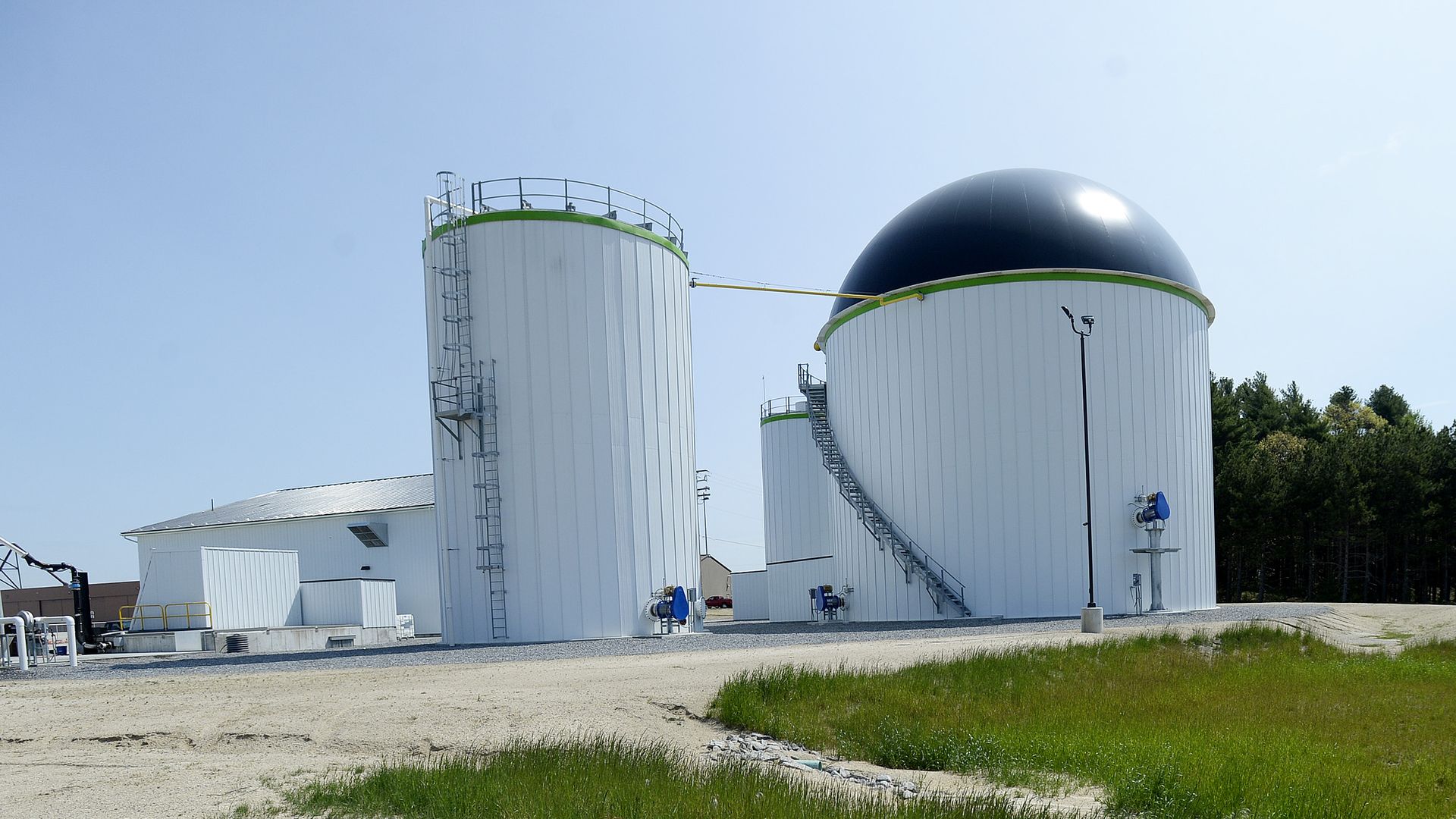 Methane gas renewable energy plant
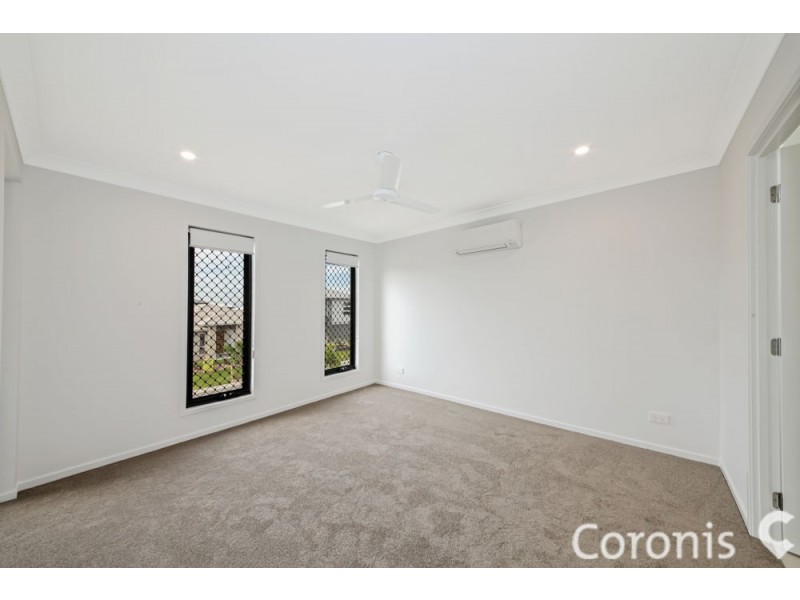 9 Compass Way, Newport QLD 4020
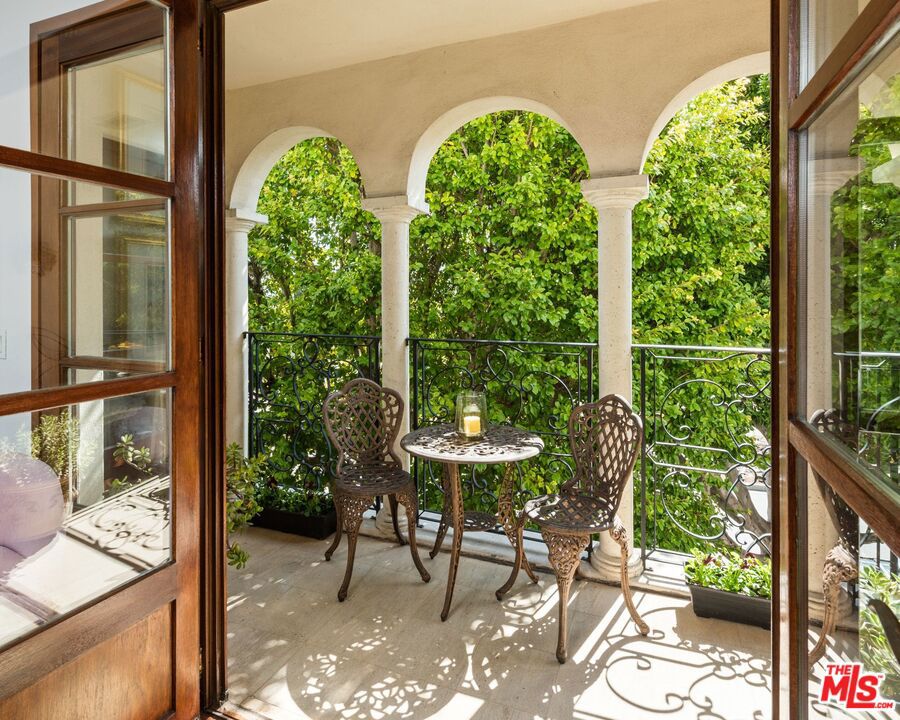 9233 Burton Way 301, Beverly Hills, CA 90210 Estately 🧡 MLS 23250889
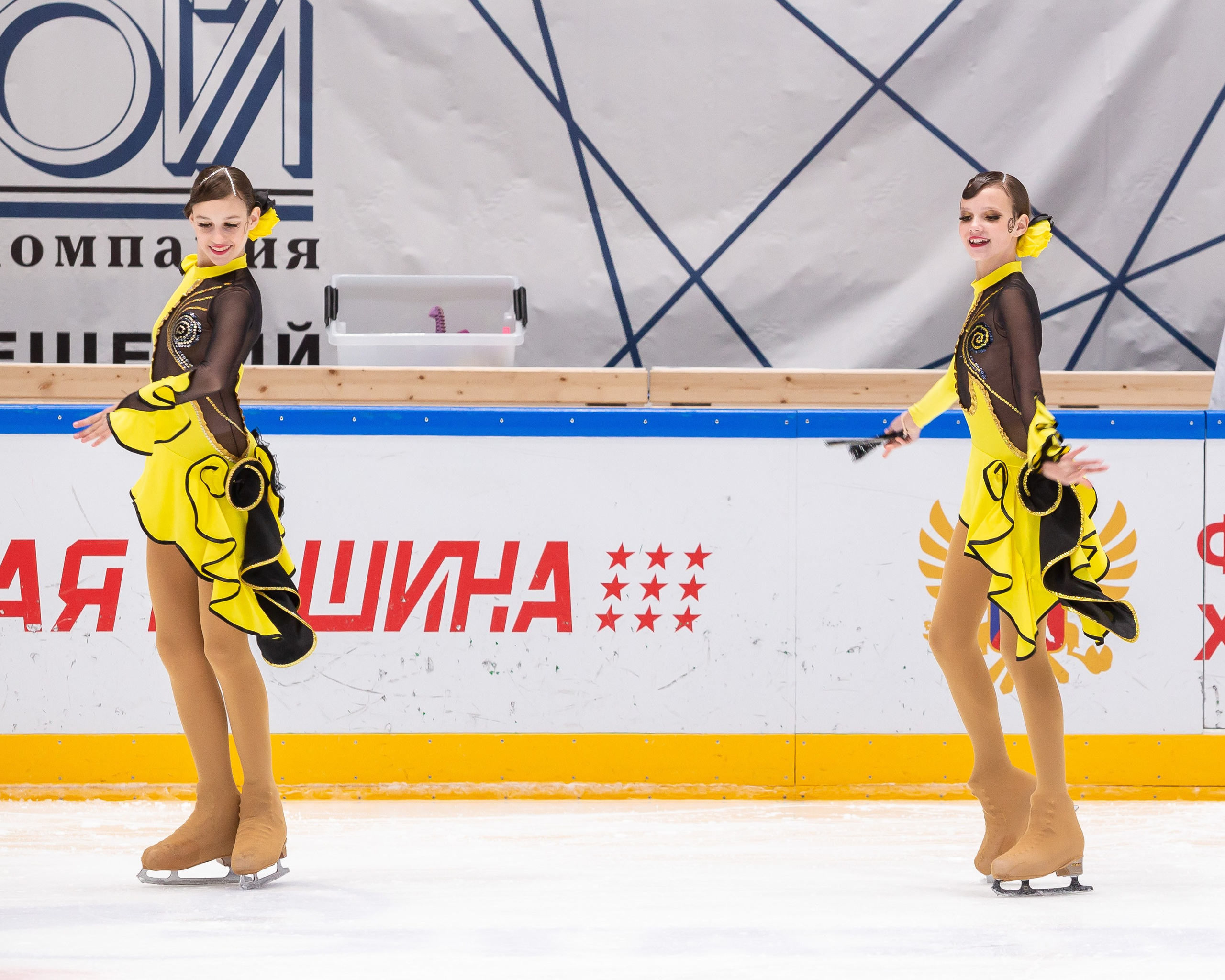 VII Ежегодный фестиваль массовых танцев на льду и фигурного катания «Петровский лёд» Санкт-Петербург 2024. Репортажный фотограф в Москве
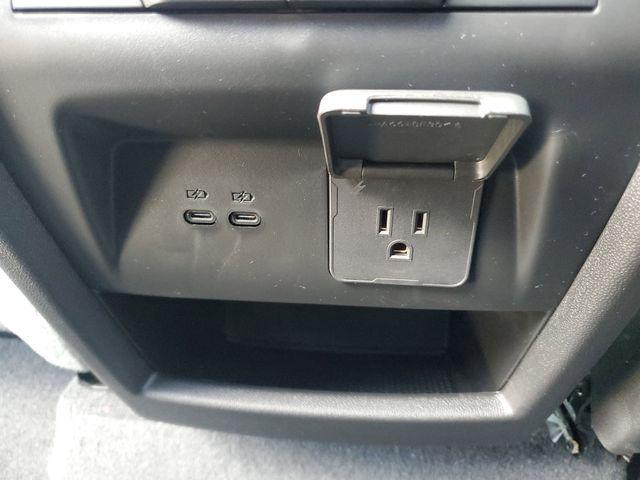 new 2025 Chevrolet Traverse car, priced at $46,130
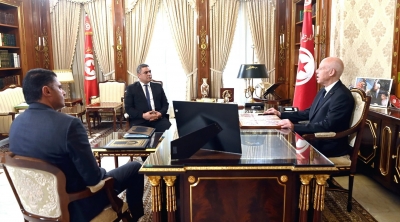 قيس سعيّد: تمّ قطع المياه والكهرباء لتأجيج الأوضاع قبل الانتخابات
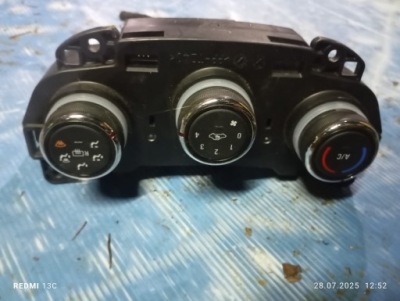 Панель кондиционера opel karl 42479608 фото №1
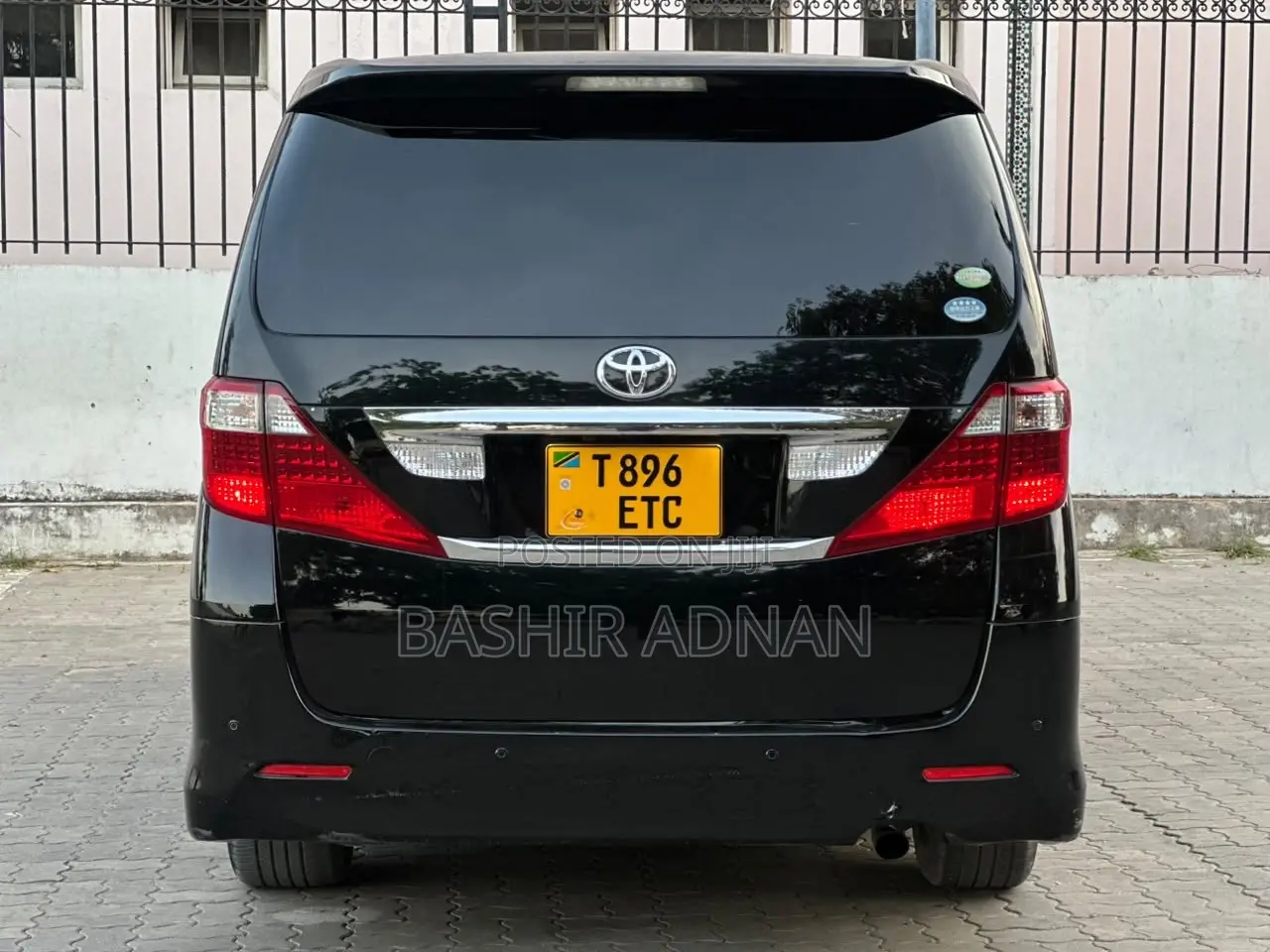 Toyota Alphard 2.4 Petrol FWD 2009 Black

• [What the exercise asks] Write out, exactly, the lines of the material from the very first through the line containing "9233 Burton Way", and leave out every picture.

• [Expected output]
 Methane gas renewable energy plant
 9 Compass Way, Newport QLD 4020
 9233 Burton Way 301, Beverly Hills, CA 90210 Estately 🧡 MLS 23250889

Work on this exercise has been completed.